Como también acaba de suceder. Tal vez las cosas podrían empezar a cambiar, si surgiera un coro de reclamantes de reformas que modificaran la estructura de una organización hecha a la medida de las circunstancias, la distribución del poder y las aspiraciones de las potencias vencedoras de la Segunda Guerra Mundial, que terminó hace más de siete décadas, cuando el mundo era otra cosa.
También podrían comenzar a cambiar si, con la mayor honestidad, todo aquel que tenga conciencia verdadera de la inocuidad de su discurso, pudiera vencer su vanidad de aparecer en la foto con el fondo de mármol verde, y se quedara en casa.
En la Asamblea que acaba de pasar, solamente Heiko Maas, desde el ángulo de un país influyente, pero desposeído de reconocimiento dentro de la Organización por razones históricas, planteó la necesidad de no aplazar por más tiempo reformas que llevan ya décadas de retraso.

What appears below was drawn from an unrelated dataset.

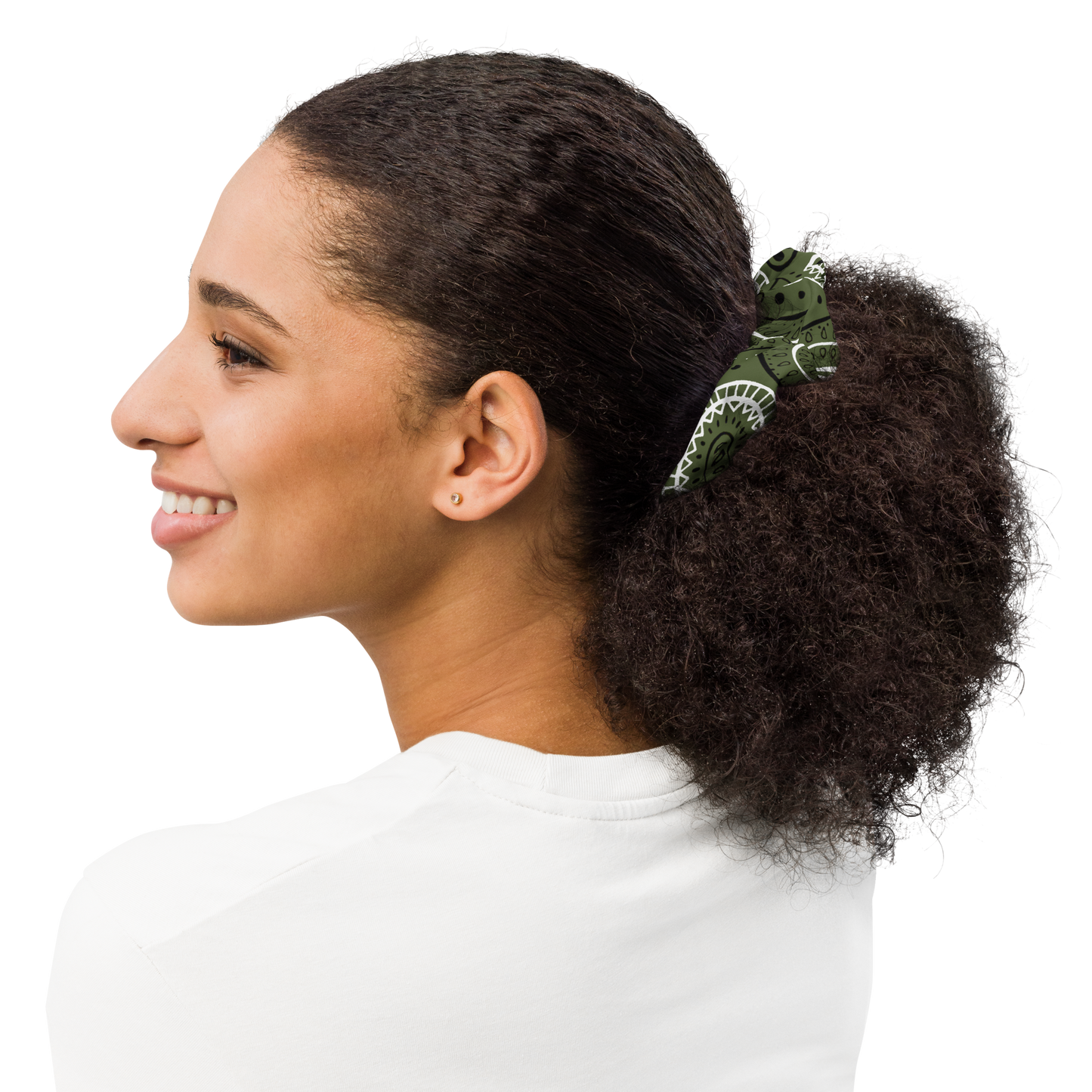 Chouchou bandana durable Love The Hustle™ avec nœud, extensible dans les 4 sens, évacuant l'humidité, vert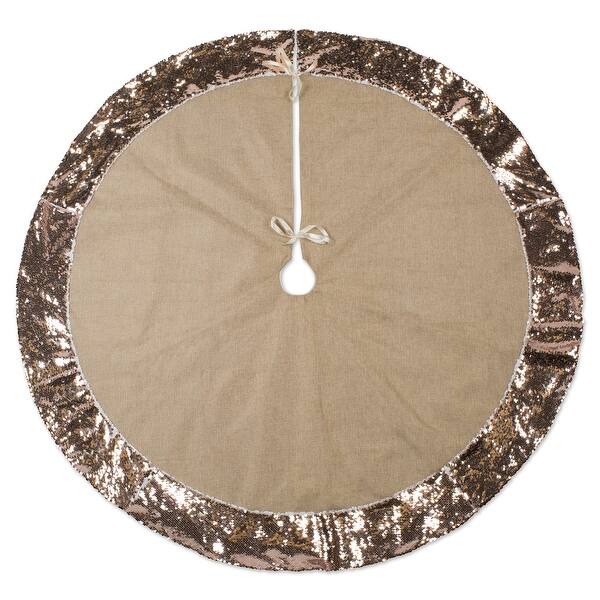 Shop 48 Brown Round Christmas Tree Skirt With Champagne Sequin Border On Sale Overstock 30432975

En su discurso ante la Asamblea General, el Ministro alemán de relaciones exteriores lanzó una vez más la idea de que se inicien negociaciones para la reforma del Consejo de Seguridad, el ente más poderoso de la historia, desde que aparecieron los estados - nación, pero también el menos representativo del mundo de hoy y el menos útil para resolver los problemas del momento.

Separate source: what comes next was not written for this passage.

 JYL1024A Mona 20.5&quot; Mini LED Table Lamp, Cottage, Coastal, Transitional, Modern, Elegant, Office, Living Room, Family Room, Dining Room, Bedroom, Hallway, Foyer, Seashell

El señor Maas tiene razón cuanto argumenta que la población del mundo se ha triplicado desde la creación de las Naciones Unidas y que el número de países miembros se ha cuadruplicado en el mismo período.
Pero su aspiración a que Alemania entre a formar parte del grupo, hasta ahora de cinco miembros, con derecho a veto en el Consejo de Seguridad. Ya sabemos que la pretensión alemana coincide con las de Nigeria, India, Sudáfrica y hasta Brasil, que tienen aspiraciones de convertirse en miembros permanentes, status reservado hasta ahora a países con significación y estatura política de tamaño mundial, que ninguno de ellos tiene.
Pero el problema no es ni siquiera el de los deseos de esas pretendidas vedettes regionales, sino el hecho de que, con su hipotética llegada, solo se haría más complejo el funcionamiento de la organización, ya que las opciones ampliadas de ejercicio de veto conducirían a aumentar las proporciones del espectáculo actual de inoperancia. Ante la crisis de gobernanza global, cada nuevo problema sin resolver, como el de las migraciones africanas o la tragedia de Siria, y dramas como los de Venezuela, Nicaragua o Myanmar, apenas ayudan a demostrar la inutilidad de las Naciones Unidas.
Por eso hay que pensar en algo diferente de una organización con privilegiados y parias. En lugar de perpetuar o ampliar el poder de veto se hace necesario reforzar la cooperación y establecer mecanismos de acción más idóneos para resolver no solo conflictos y tragedias fruto de la violencia clásica como la guerra o la represión, sino males tan graves como el cambio climático y la desigualdad, con secuelas devastadoras como la pobreza y el hambre.